The lines below, from the one holding "Hollow Rebound Massage" through the final line, are to be copied exactly, with no other lines and no pictures.
=====
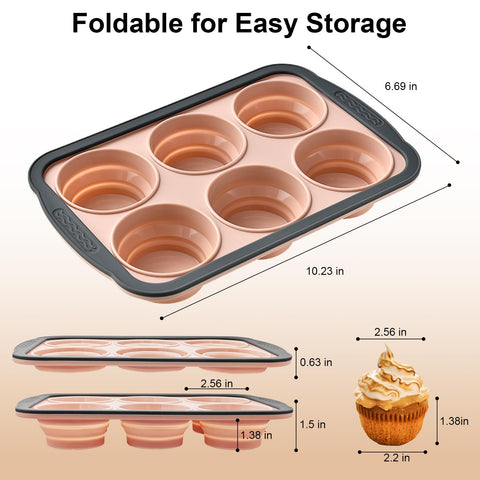 YiYeraio nonstick silicone muffin pan ensures smooth pop-out every time.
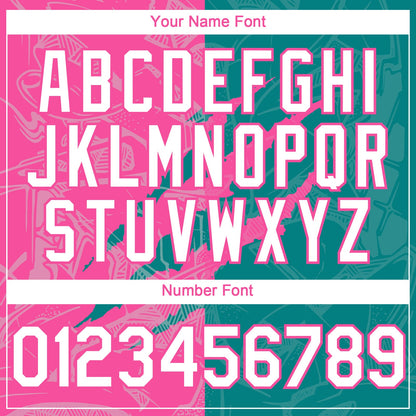 Custom Graffiti Pattern White Teal-Pink 3D Scratch Authentic Baseball Jersey - Sky-Custom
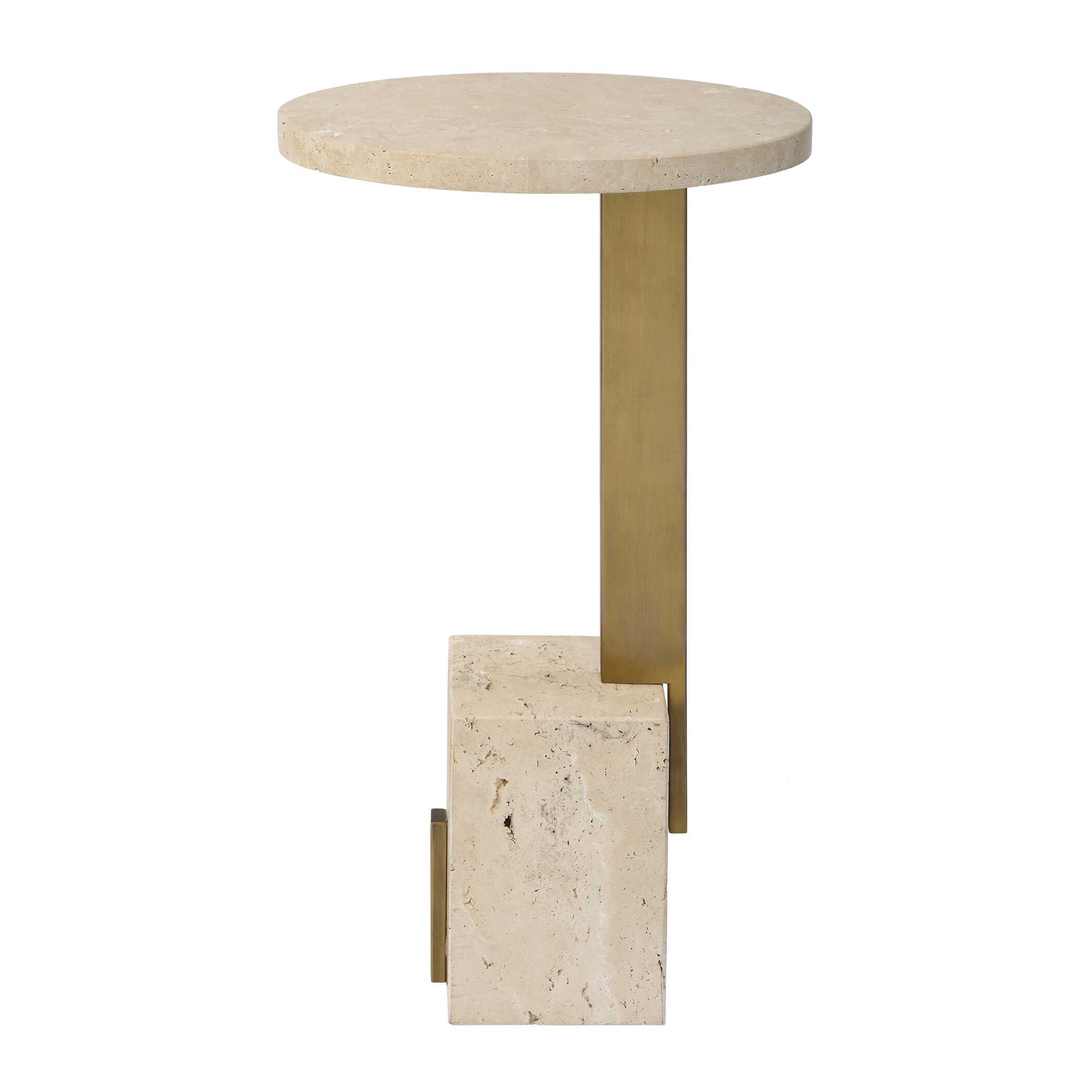 Feranno Travertine Accent Table, Furniture by Uttermost, 12" width x 22" height x 8" depth View 6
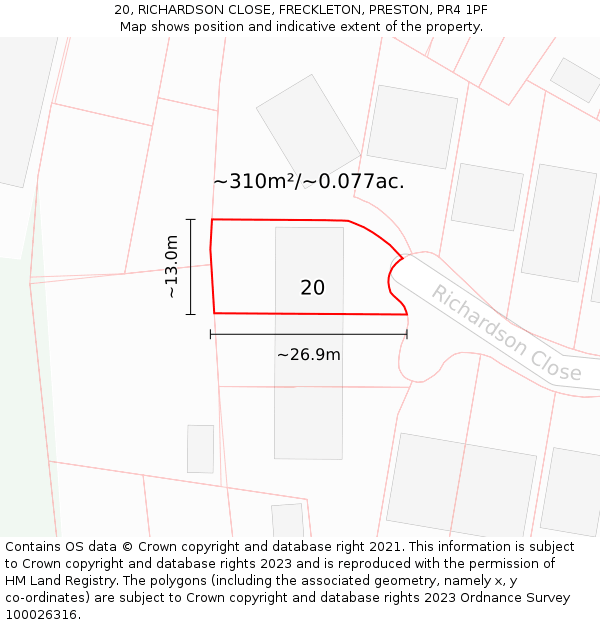 20, RICHARDSON CLOSE, FRECKLETON, PRESTON, PR4 1PF: Plot and title map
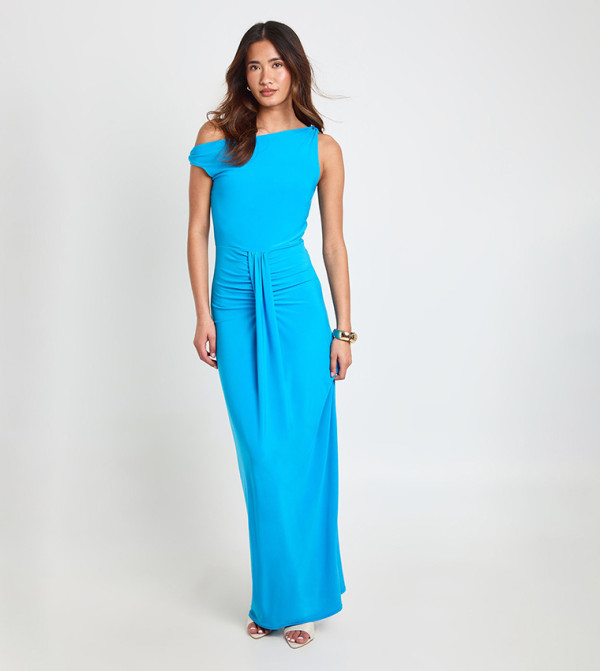 Double Layer Asym Neck Slinky Drape Front Maxi Dress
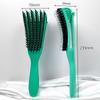 Hollow Rebound Massage Six-Claw Curved Styling Hairbrush with Pig Bristles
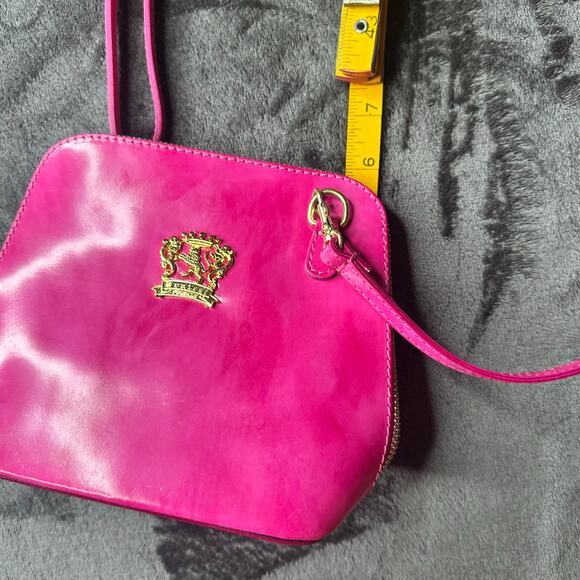 Pratesi Firenze Genuine Leather Hot Pink Crossbody Bag Purse Made in Italy - Picture 7 of 7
=====
### Result of the task
 Hollow Rebound Massage Six-Claw Curved Styling Hairbrush with Pig Bristles
 Pratesi Firenze Genuine Leather Hot Pink Crossbody Bag Purse Made in Italy - Picture 7 of 7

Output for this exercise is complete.